## RECORDED DATA:

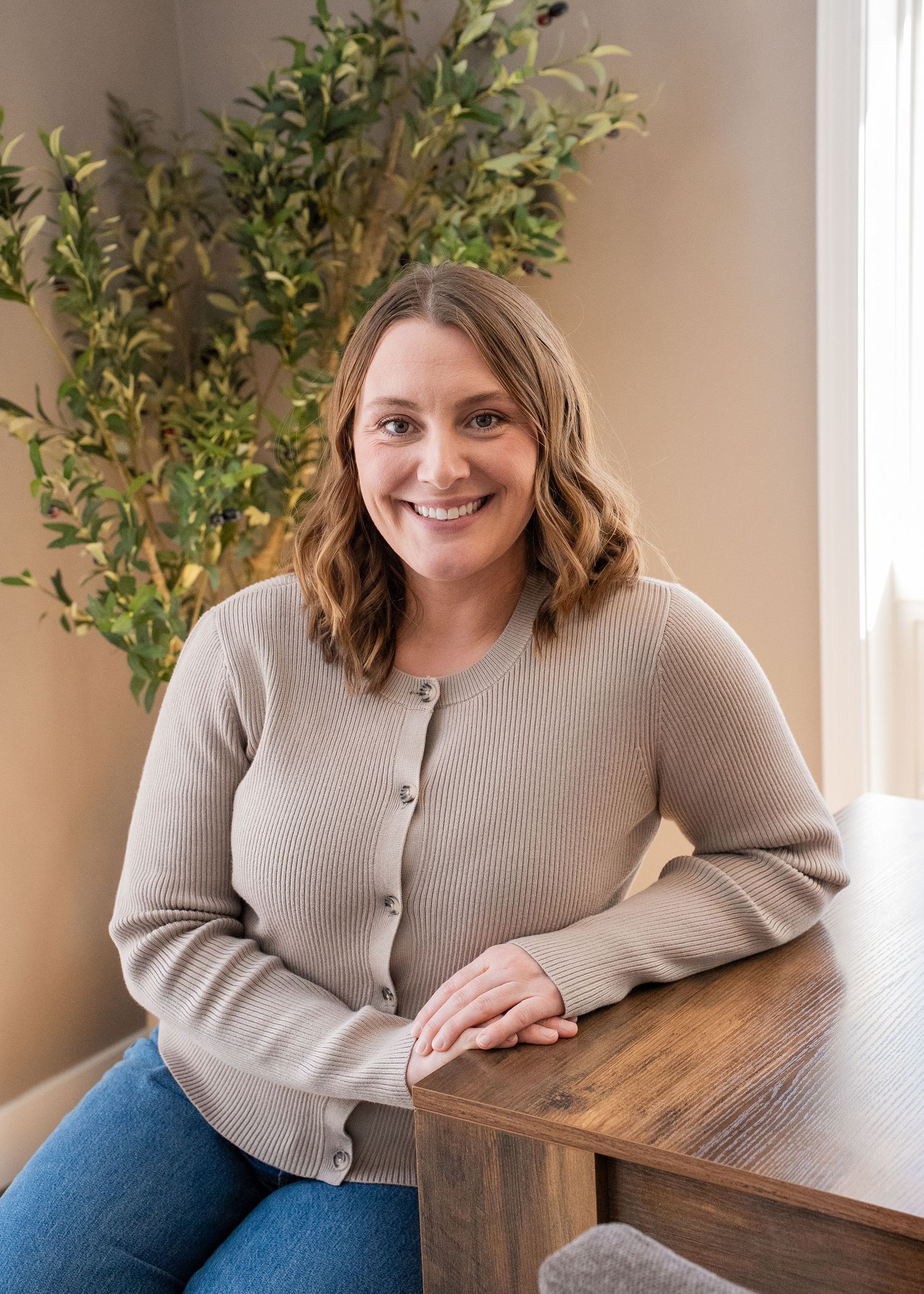 Smiling woman in beige cardigan seated at wooden table with green plant backdrop in bright modern setting.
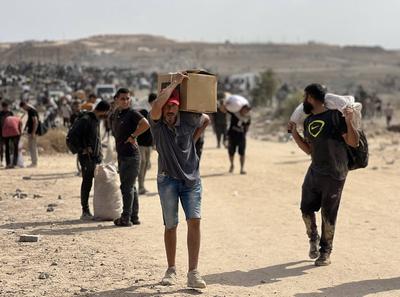 Displaced Palestinians struggling with hunger flock to an aid distribution point set up in the Netzarim Corridor in hopes of receiving limited humanitarian aid in Deir al Balah-stock-foto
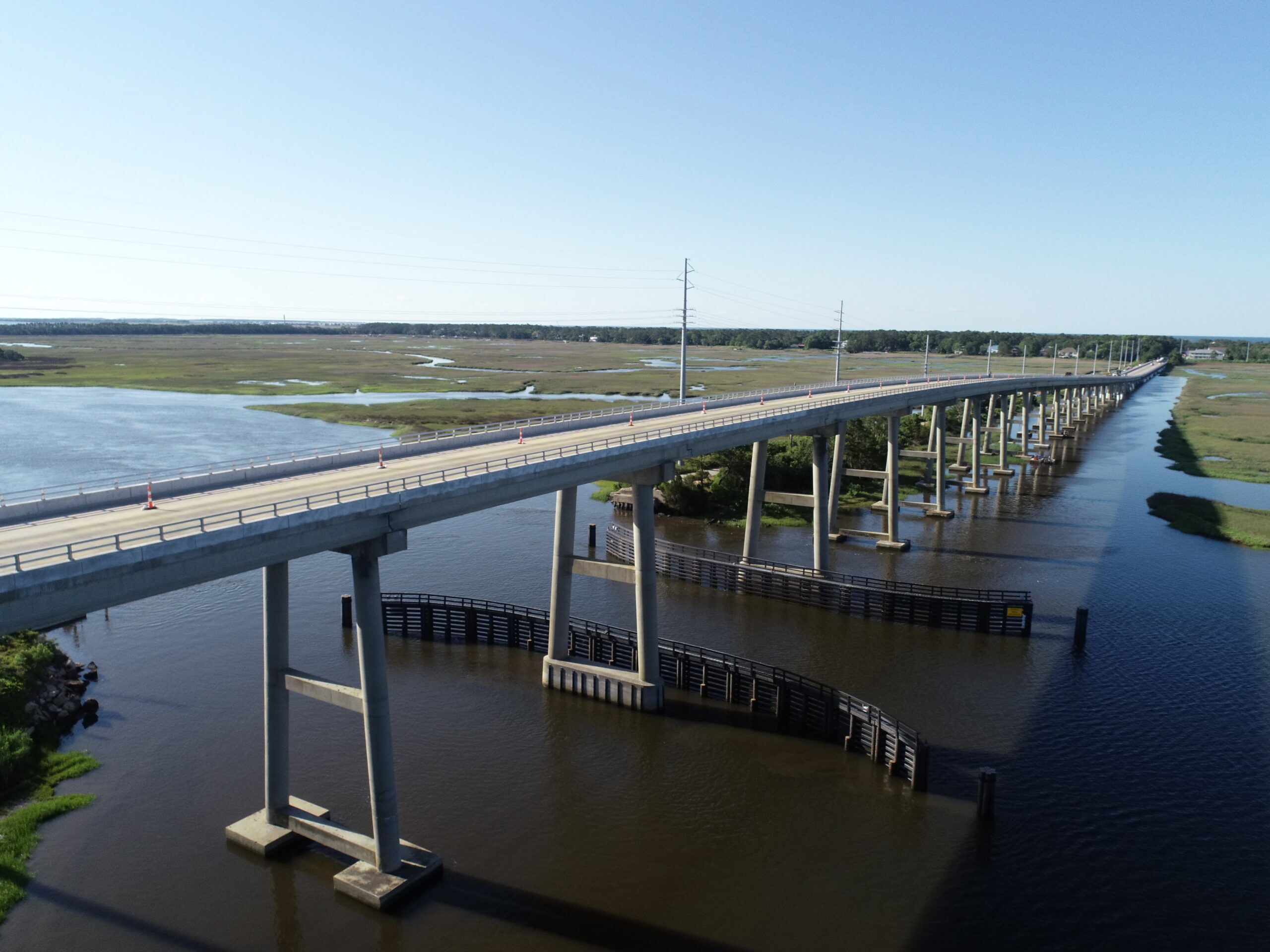 Elevated bridge extending over a wide river; marshland visible beneath clear blue sky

## WORK TO COMPLETE:
Print only the lines from the opening line of the listing to the line containing "Displaced Palestinians struggling", inclusive, exactly as they appear and without pictures.

## THE COMPLETED TASK:
 Smiling woman in beige cardigan seated at wooden table with green plant backdrop in bright modern setting.
 Displaced Palestinians struggling with hunger flock to an aid distribution point set up in the Netzarim Corridor in hopes of receiving limited humanitarian aid in Deir al Balah-stock-foto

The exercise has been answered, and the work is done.